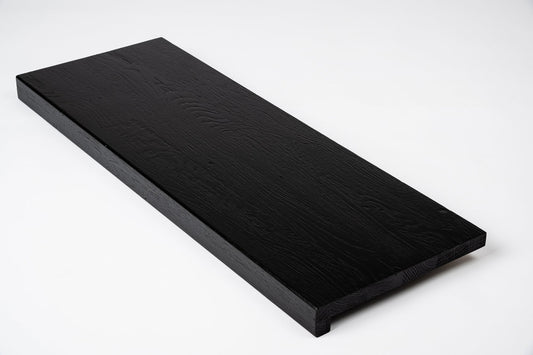 Marches d'escalier Appui de fenêtre avec surplomb Chêne A/B, lamelles aboutées, 26 mm, brossé, laqué noir graphite (RAL9011)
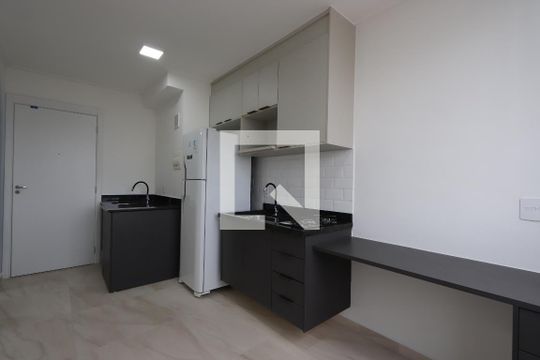 Sala de apartamento para alugar com 1 quarto, 24m² em Vila Prudente, São Paulo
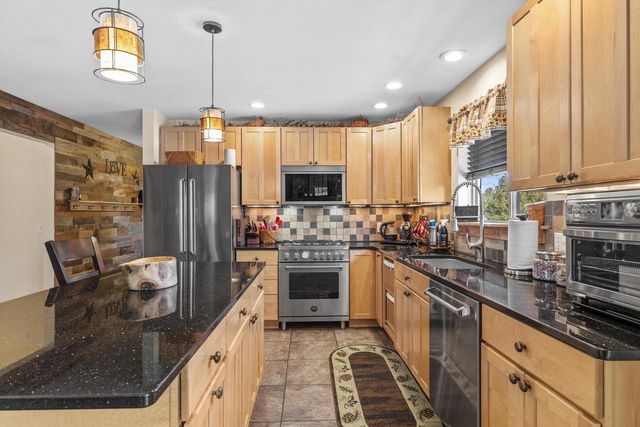 9065 377th AVENUE, Twin Lakes, WI 53181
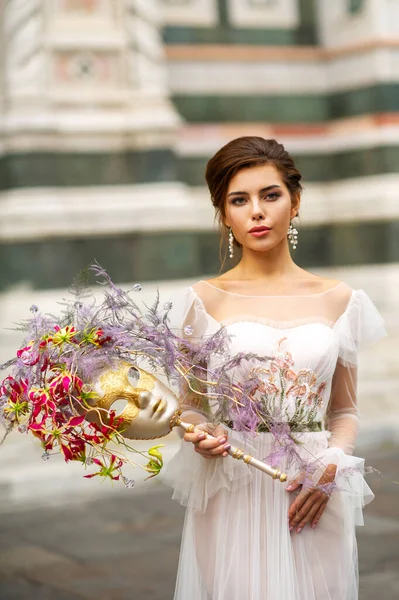 フィレンツェでヴェネツィアの仮面を手にしたウェディングドレスの花嫁 イタリア — ストック写真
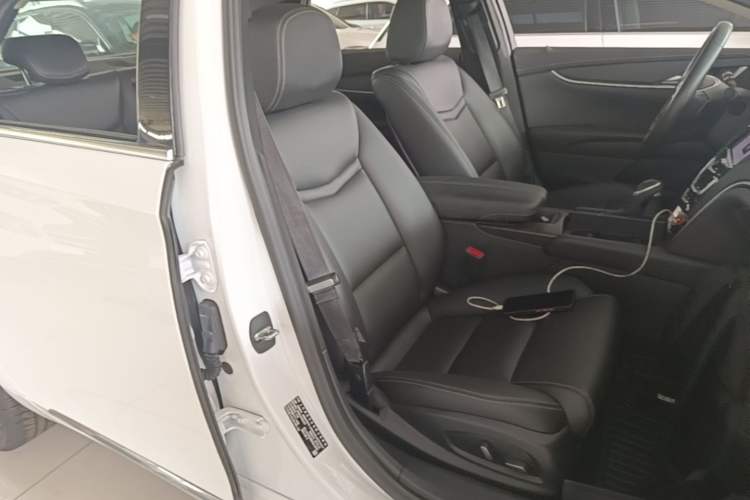 Used Cadillac XTS 2018 28T Tech Edition Right Front Seat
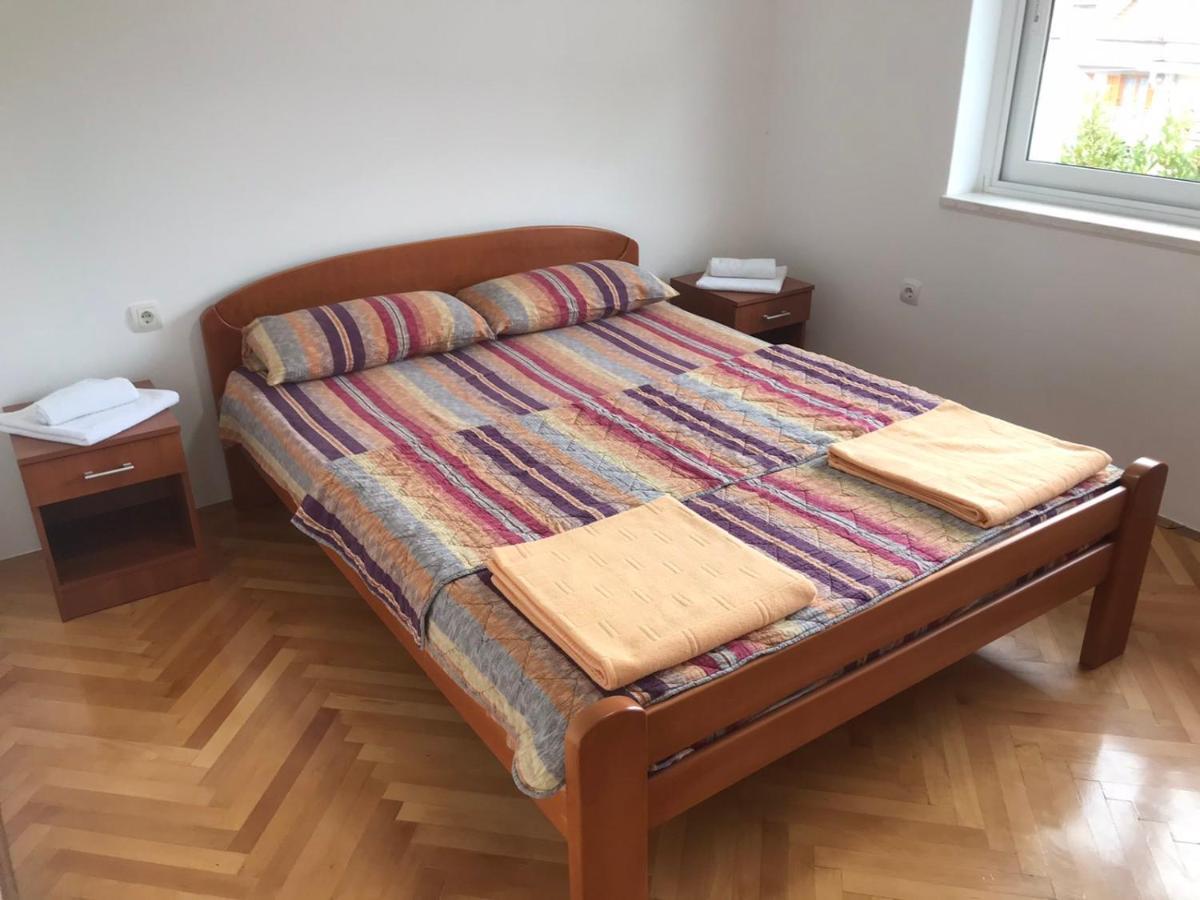 Apartman Azra Требине Екстериор снимка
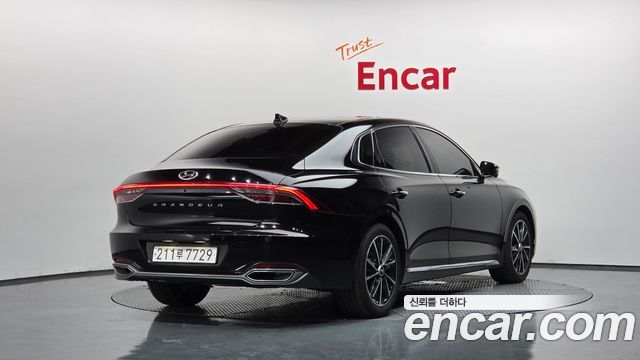 Hyundai Grandeur Новый IG 2.5 Exclusice - фото 1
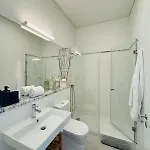 Casa Do Meio #3 *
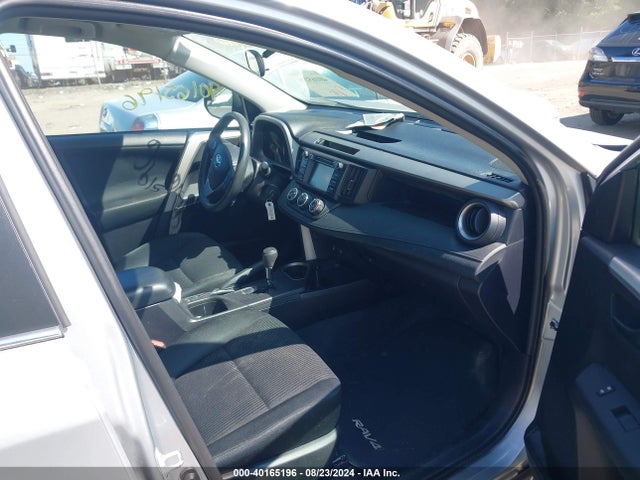 Toyota RAV4 LE 2016 2T3BFREV6GW520225 Image 5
****************************************
Exercise requirements: Only the lines from the start of the records to the one containing "Apartman Azra Требине Екстериор снимка" should be repeated, exactly and with both ends kept; drop any pictures.

Your solution:
 Marches d'escalier Appui de fenêtre avec surplomb Chêne A/B, lamelles aboutées, 26 mm, brossé, laqué noir graphite (RAL9011)
 Sala de apartamento para alugar com 1 quarto, 24m² em Vila Prudente, São Paulo
 9065 377th AVENUE, Twin Lakes, WI 53181
 フィレンツェでヴェネツィアの仮面を手にしたウェディングドレスの花嫁 イタリア — ストック写真
 Used Cadillac XTS 2018 28T Tech Edition Right Front Seat
 Apartman Azra Требине Екстериор снимка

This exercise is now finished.